REQUIREMENT:
Output all the data exactly. Pictures do not belong in the copy.

──────── INFORMATION PROVIDED ────────

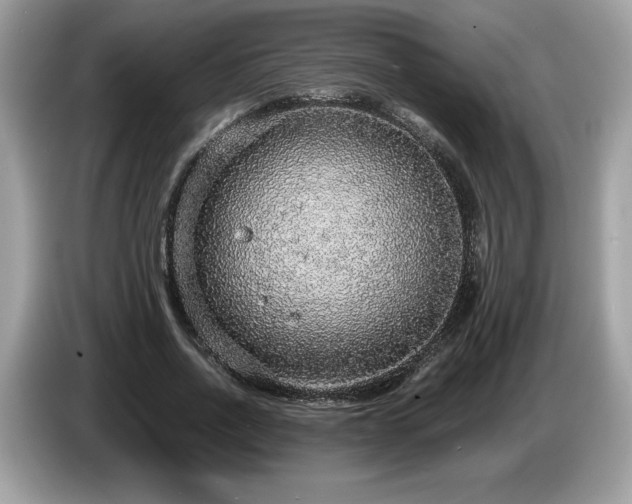 X0000087560734200704271225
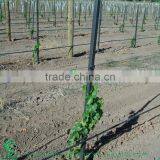 Living Wall Support Stake thumbnail-3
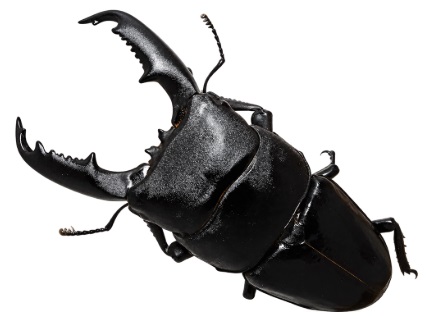 민다나오왕넓적사슴벌레(Dorcus titanus mindanaoensis)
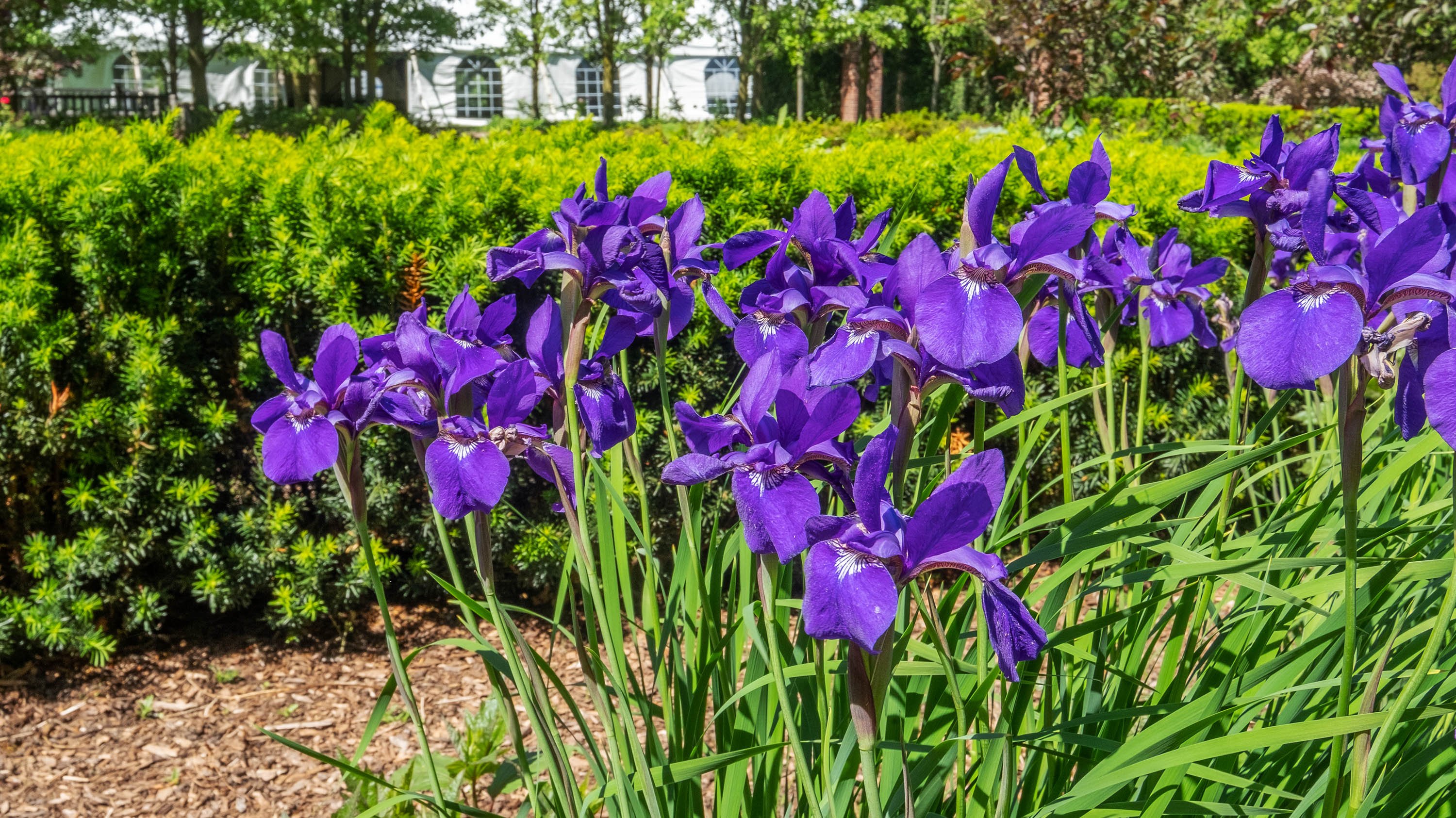 Irises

────────

YOUR SOLUTION:
 X0000087560734200704271225
 Living Wall Support Stake thumbnail-3
 민다나오왕넓적사슴벌레(Dorcus titanus mindanaoensis)
 Irises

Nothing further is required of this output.